Women live on average seven years longer than men. If you want true equality, lets let women fight and die in the next 200 wars.

Consider these two hypotheticals:

ONE

If men gave birth and women were denied any say in a man's decision whether or not to abort their offspring, women would be marching on the Supreme Court with battleaxes in their hands.

TWO

If women alone were forced to risk their lives and limbs in combat and men were excluded, women would be marching on Capital Hill with pitchforks in their hands.

CB

Who is whining? Not me. Stating the facts is not whining. And your hypotheticals don't further your cause.

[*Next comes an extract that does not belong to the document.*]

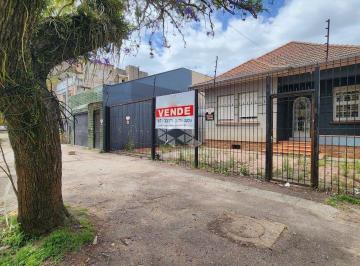 Casa · 280m² · 3 Quartos · 5 Vagas · EXCELENTE CASA COMERCIAL COM 280 m2 E CINCO VAGAS EM TERRENO PLANO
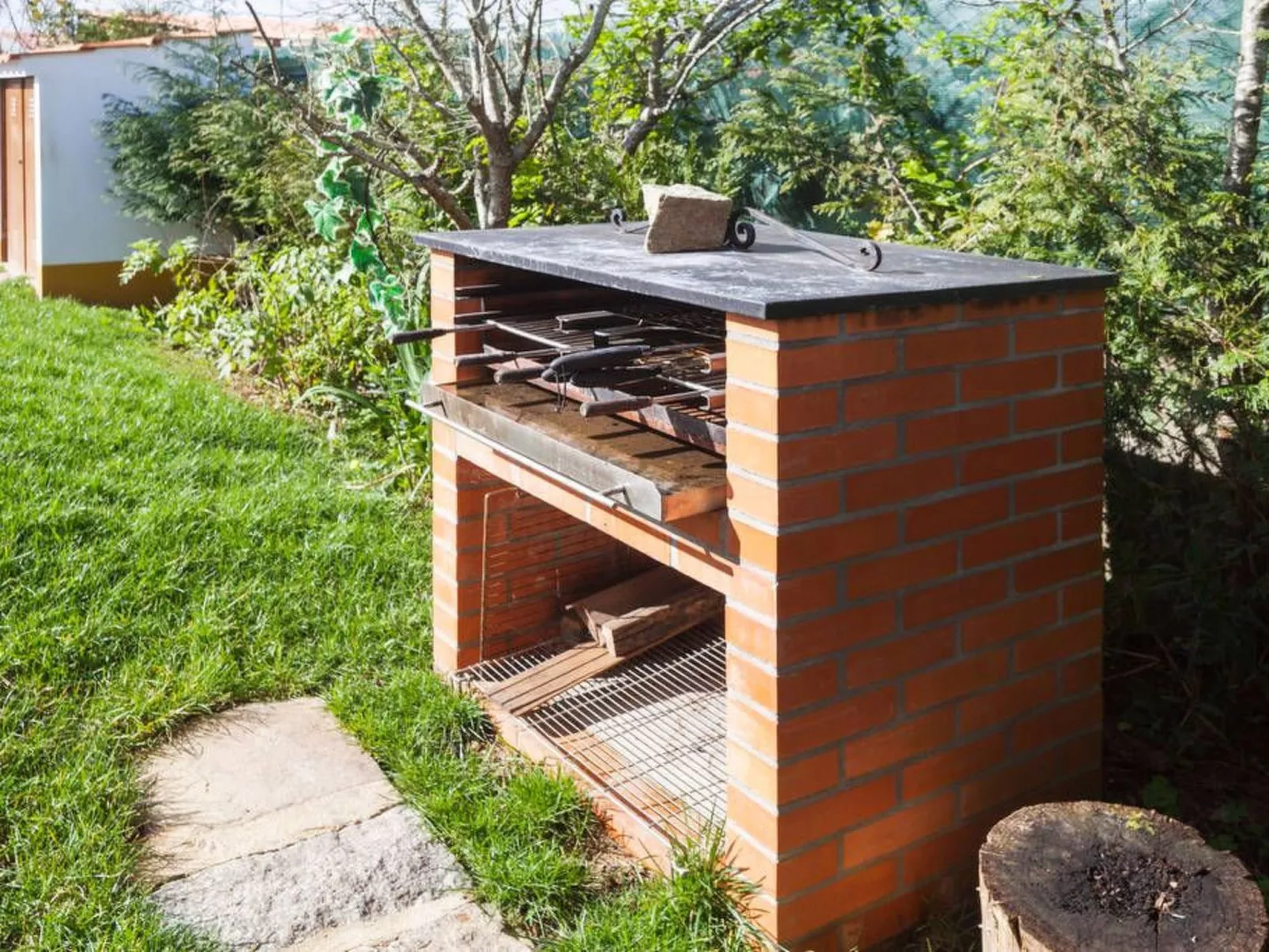 Mit Garten, Grill und Terrasse-Buiten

What you seem to miss is that both women and men are hurt when either gender is forced into a particular role or a particular economic situation because of the biases still pervasive in our society, which create a lose-lose situation for everyone.

Re your second point: Women would rightly complain if they were forced to go into combat while men sat at home (just as women fighting for the right to fight complained about being forced into "combat support" roles rather than being permitted to be full soldiers). In my view, we should have a draft that would draw equally from everyone, like a lottery. I suspect that wars would be much rarer, if the president's daughter was as likely to be drafted as the senator's son, and both as likely as the hardly employed laborer's three children who think that the Army offers a route out of poverty (which of course is what is being used to recruit much of our "volunteer" army).

Re your first point: Abortion is tricky, because there are conflicting demands that have moral and personal components on both sides, so there are feminists who oppose abortion because they value the possibility of nourishing an incipient life above all else, and there are men who fully support abortion because they value the individual liberty of a person to control her own bodily functions more highly than
maintaining the potential viability of a few cells that happen to combine one person's sperm with another's egg. Because it is so difficult to address issues where there are conflicting liberty concerns on both sides, many of us have concluded that abortion should not be banned by the state but should be left to the individual person whose body must bear the burden. I think I would take that same position if the genders were reversed--i.e., I would be with the men who support a woman's right to choose, because if anyone must make that moral choice between two demanding but conflicting positions, it appears that the tiebreaker would be the one whose body bears the burden.